VOC and Cityscapes might be large, but there have been a number of publications using them, and they are widely used in the scientific literature. That's why I think providing pre-trained models for one of those tasks might be relevant.

JuanFMontesinos commented 5 years ago

Sooo let me evaluate it after christmas to see which dataset would be better

varunagrawal commented 5 years ago

Since we are adding MobileNet, it would be a good idea to add ShuffleNet as well given its improved performance over MobileNet.

setuc commented 5 years ago

Is there a priority among this list of models? I was planning to train a couple of models on Imagenet datasets from scratch and can contribute here.

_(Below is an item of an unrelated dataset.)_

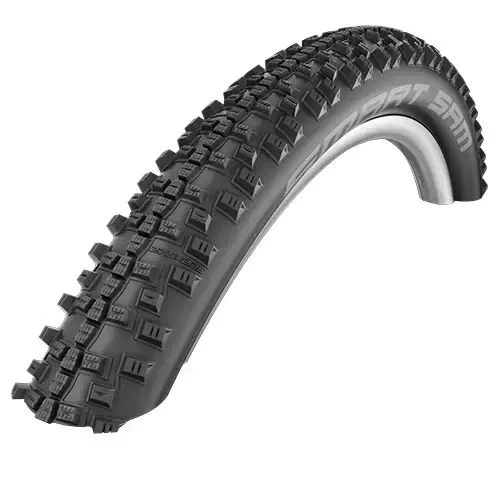 Schwalbe Smart Sam HS476 20x2.35 60-406 sw-LiteSkin Perf.Addix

Or are we to refer to the models from @cadene

IgorKasianenko commented 5 years ago

@setuc I would really appreciate training ShuffleNet. This is small model so I assume it will take least time to start with it. Sincerely yours Igor

fmassa commented 5 years ago

Hi @setuc Sorry for the delay in replying.

I'd say that you can pick whichever you'd prefer, but maybe ShuffleNet would be indeed easier because it's a small model.

I think Inception V4 might be quite hard to get to the reported accuracies, so maybe just ShuffletNet would be a great start already!

setuc commented 5 years ago

One more question @fmassa There are supposedly different version of Imagenet. I am currently using the one from Kaggle. I hope that should be sufficient. I have downloaded the images and plan to start the runs over the weekend.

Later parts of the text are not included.